Red maple wood has a straight, fine grain with narrow earlywood sections and wide latewood sections. Red maple woods often display subtle curly grain patterns, which add to their beauty and appeal. Red maples absorb stain well and can be used in all parts of furniture-making since they change color depending on the lighting or angle that one looks at it from. It also works well in millwork.

Uses

Red maple wood is also used in the production of musical instruments, sports goods, veneers, and plywood.

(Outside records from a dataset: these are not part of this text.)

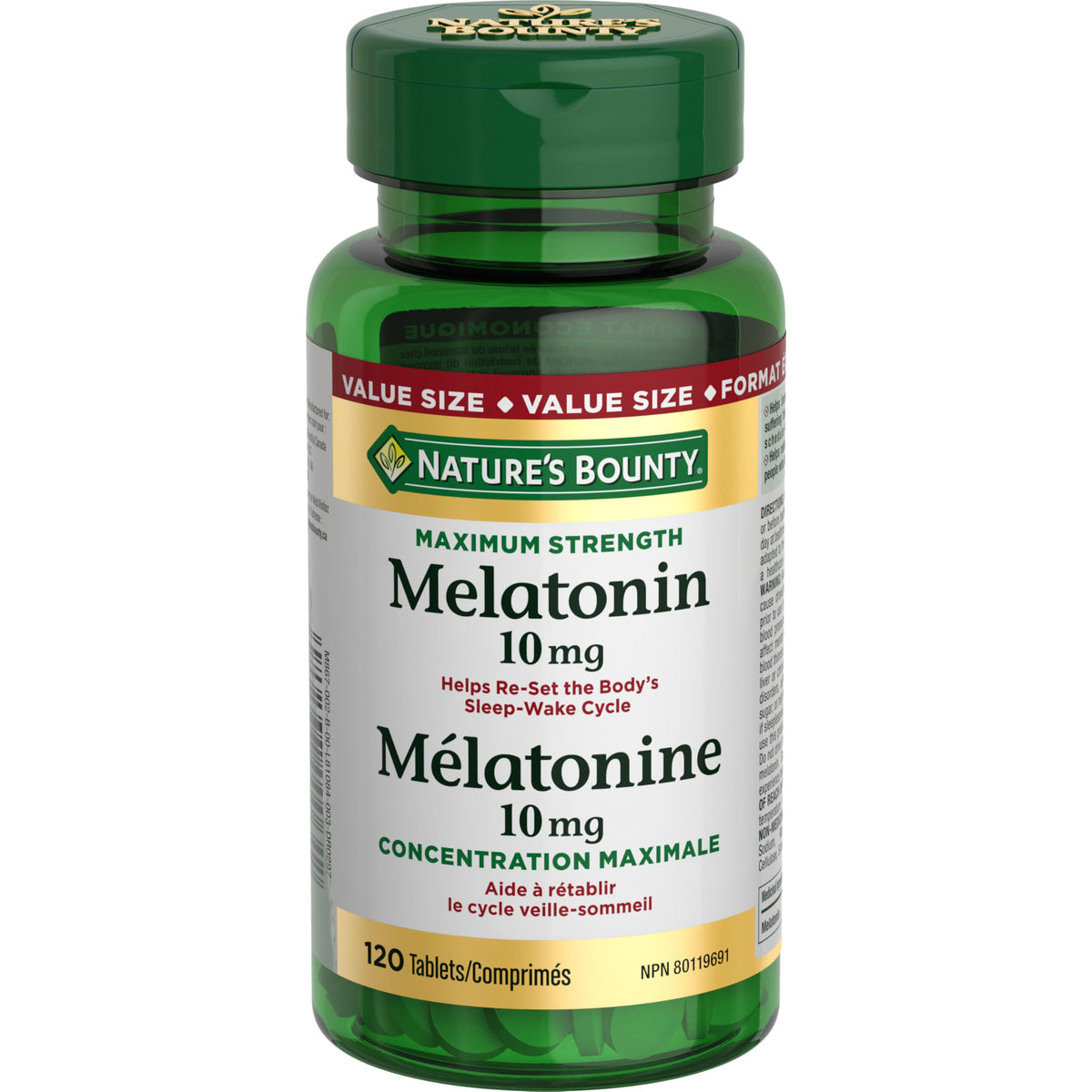 NATURE'S BOUNTY Maximum Strength Melatonin, 10 mg, Value Size, Helps Reset Sleep-wake Cycle, Helps Increase Total Sleep Time, Fall Asleep Faster, Fights Jet Lag, 120 Tablets, 44 g 🍁 All In One Marketplace Canada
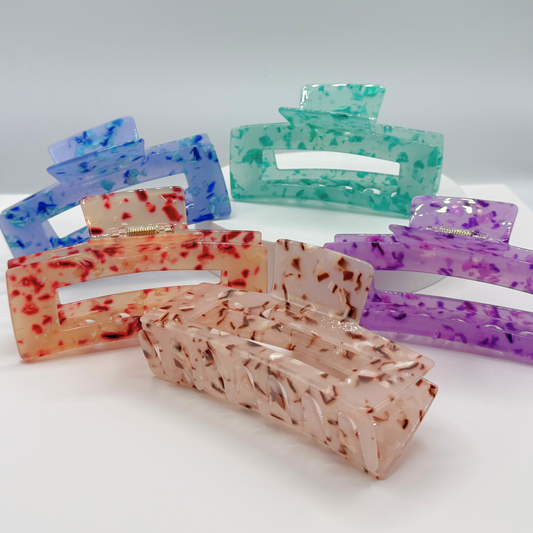Aurelia Speckle Cellulose Acetate Hair Claw Clips
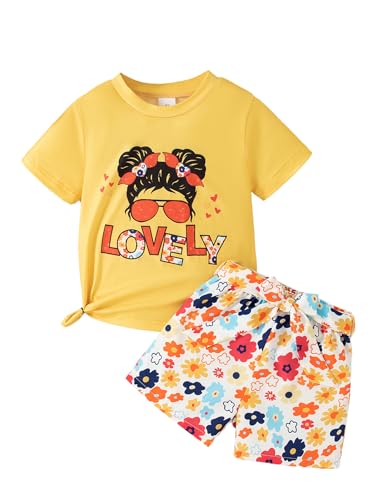 Image of Girl's 2 Pcs Outfits Short Sleeve Graphic T-Shirt Top and Paperbag Waist Shorts Set with Belt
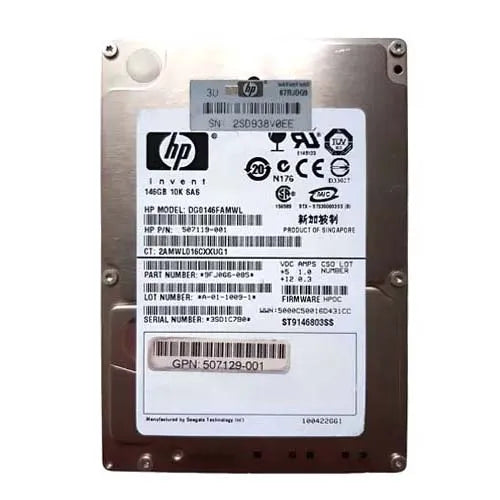 507119-001 HP 146GB 10000RPM SAS 6Gb/s SFF Hot-Pluggable Dual Port 2.5-inch Hard Drive with Tray for Gen1 to Gen7 ProLiant Server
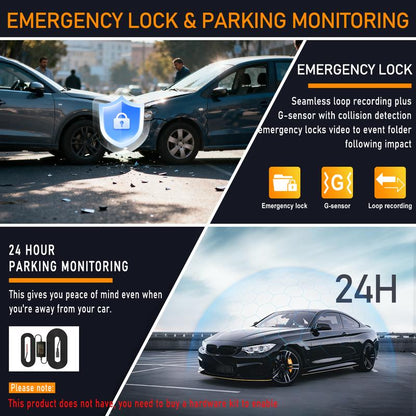 Système de caméra embarquée BCUOZ 360° – GPS, Wi-Fi, vue avant et arrière + vue intérieure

Also Read: Types of Red Wood

Silver maple

An eastern North American native tree, this maple is often found near streams and rivers. The heights can reach up to 50 feet with the usual soil conditions being in a sunny location close by. Silver maples belong to what’s called a “soft” group of soft Maple trees because their wood seems softer than that of other species or varieties within it – but not too much so as you would think! In general terms, these kinds are weaker when compared to stronger hardwoods like oak for instance.

Characteristics

The silver maple trees have leaves that are green on top and silvery-white on their undersides. The silver maple types wooden timber is fairly hard, even texture, rather brittle, and easily worked.

Uses

Silver maple is often used in cabinetry and flooring due to its smooth surface and striking grain patterns. This type types of wood can also be used in furniture making, though its types of wood are not as popular for that purpose.

Box elder 

CK Kelly, CC BY 4.0, via Wikimedia Commons

Box elder maple grows widely throughout North America.  It has a diameter of 12 – 20 inches, it typically grows to 40 – 50 feet tall. In comparison to other maples, this wood is softer and the color is a rather uniform pale white. Overall the wood has a straight grain with an even texture, and the sapwood is of a similar color. It is also known for its vigorous growth, disease resistance, and drought tolerance.

Characteristics

Boxelder has a fine texture with straight grain patterns that are often highly figured. The light color makes it ideal for staining. On the other hand, this type of wooden fruit is also known to have very little distinction between earlywood and latewood, which can lead to fast drying times when working in large areas together.

Uses

Boxelder trees or Acer negundo are not valued for their hardwood, but they are often cut down to make boxes. Boxelder maple usually has a dense fiber saturation point which provides stability even with changing temperatures and humidity levels. This makes box elder ideal wood for furniture. They are also commonly used for making plywood.

Conclusion

Maple wood types are an important factor to consider when looking for the right type of furniture or another wooden item. The characteristics and uses help make it easier to decide which maple you should choose for your project. While there is no one-size-fits-all answer, we hope this article has given you a little more information about different types of maple so that you can find what works best for your needs!